Three has said it will begin performing 4G technical trials in the Thames Valley area in early 2012. Photo credit: Enjoy Truro
Further tests, involving real-world customers, will follow later in the year, Three said.
"With every major upgrade like this smartphone and tablet customers will find they can enjoy their devices more in more places across the UK," Three chief David Dyson said in a statement. "Our ability to provide all-you-can-eat data packages depends on a combination of smart network management, investment in improved technologies and the spectrum that is the lifeblood of mobile."
At the moment, O2 is trialling 4G LTE (long-term evolution) technology in London, while Everything Everywhere (T-Mobile and Orange) is doing the same in Cornwall. Vodafone has already conducted three LTE trials in the UK, having started in 2009.
None of the operators can launch their UK 4G services until they have bought new spectrum at a much-delayed auction, which is now supposed to take place at the end of 2012. The auction was originally scheduled for September 2008, but real and threatened court actions from some operators — notably O2 and T-Mobile — have repeatedly put the date back.
The intra-industry argument is testing the patience of MPs, culture secretary Jeremy Hunt and the regulator Ofcom, all of whom have called on the operators to get on with it and allow the UK not to fall even further behind other countries in deploying 4G.

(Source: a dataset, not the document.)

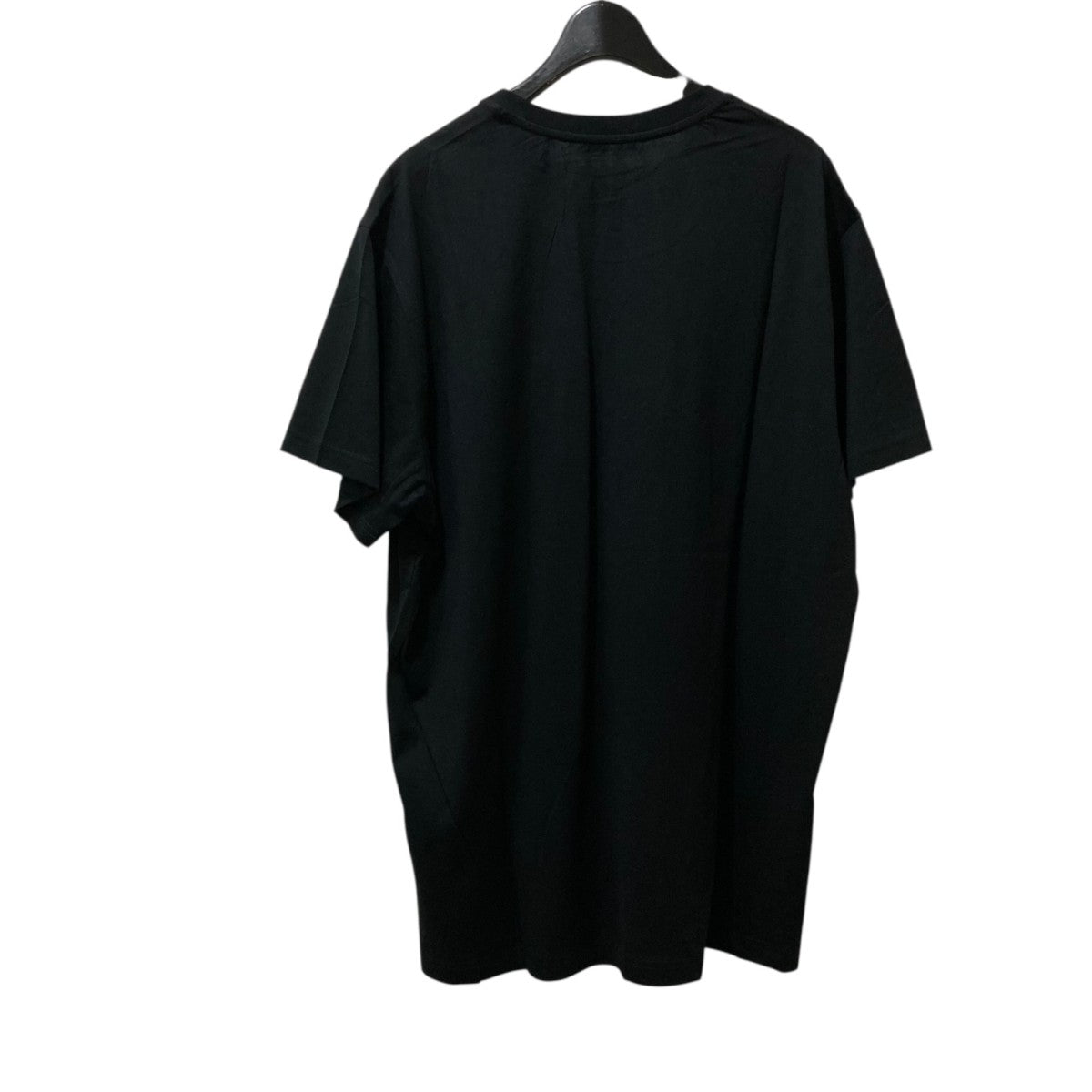 GIVENCHY(ジバンシィ) ロゴプリントTシャツBM70UK3002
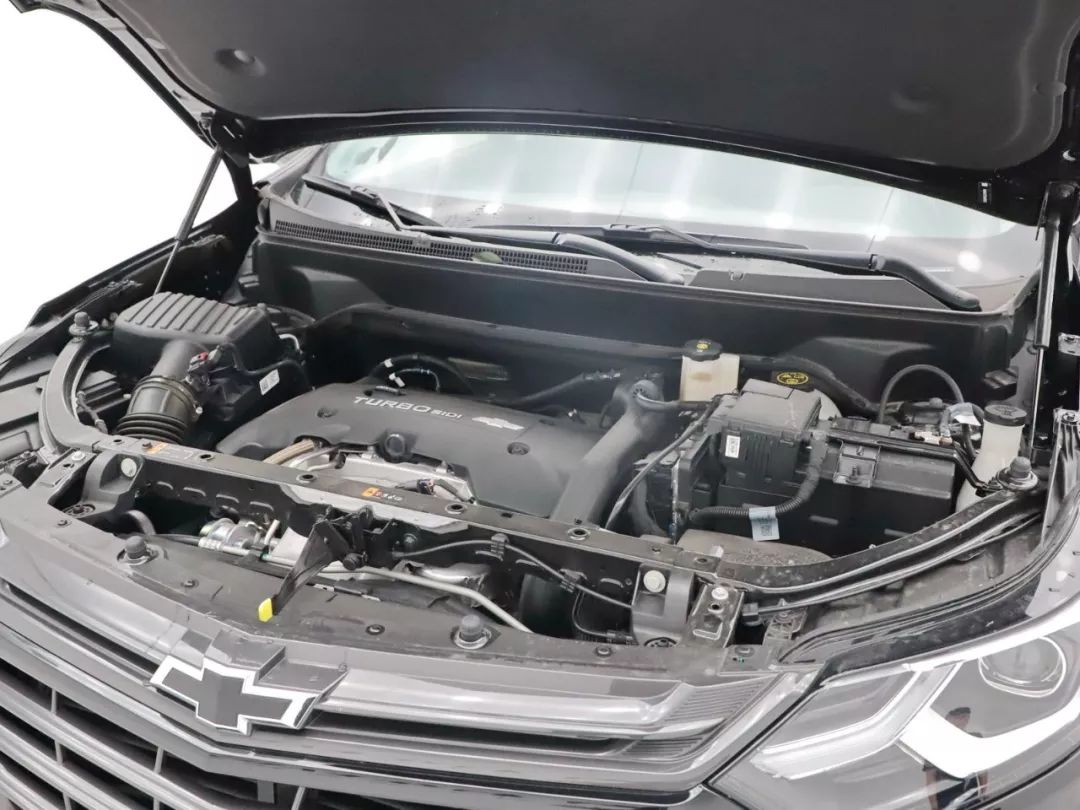 25万左右最好看的2台合资大5座SUV,空间大、有面子!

The legal threats are part of a protracted squabble between the operators over who gets to keep or gain how much spectrum come the auction, a matter that is complicated by the fact that the UK now allows the 'refarming' of 2G voice and SMS spectrum for mobile broadband. Some operators have 2G spectrum that is suitable for refarming — similar to reallocation or repurposing — and some do not.
A study published in October suggested that the UK is losing out on £730m of potential economic benefits each year, due to its lack of 4G services.